Task goal — Using the data below, set down every line from the one containing "Chaturbate Adult Video Chat of arirobert_" through the one containing "Saltwell Street Deluxe En Suite Room", inclusive and unchanged. Pictures are to be skipped.

Data in this exercise —
※

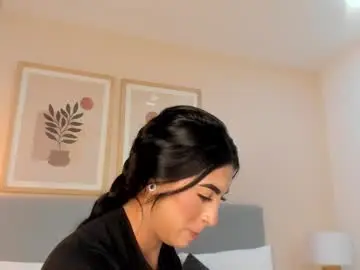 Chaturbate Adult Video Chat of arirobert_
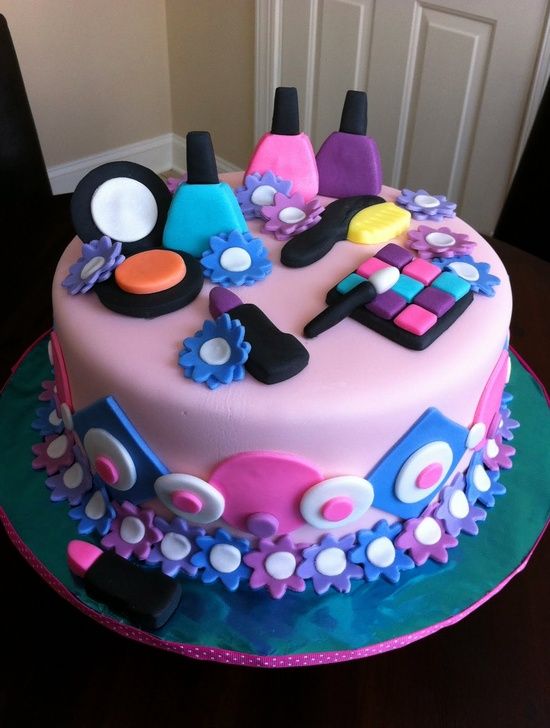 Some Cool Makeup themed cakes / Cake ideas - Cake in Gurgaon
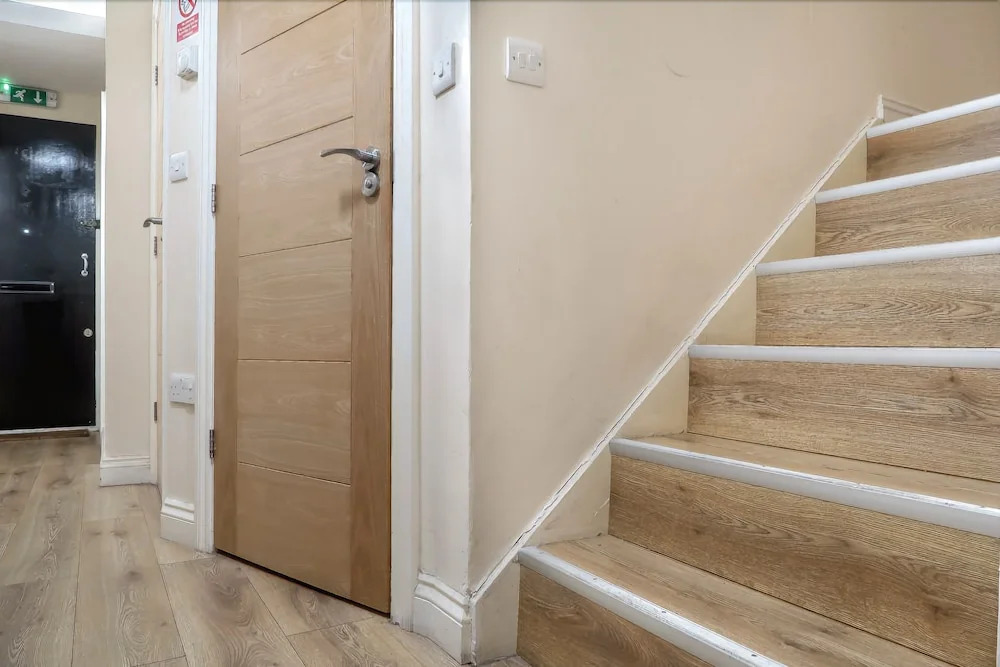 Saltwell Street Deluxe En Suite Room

※

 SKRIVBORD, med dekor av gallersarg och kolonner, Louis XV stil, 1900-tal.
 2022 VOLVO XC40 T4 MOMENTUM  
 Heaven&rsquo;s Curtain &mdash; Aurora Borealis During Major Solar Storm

※

Solution —
 Chaturbate Adult Video Chat of arirobert_
 Some Cool Makeup themed cakes / Cake ideas - Cake in Gurgaon
 Saltwell Street Deluxe En Suite Room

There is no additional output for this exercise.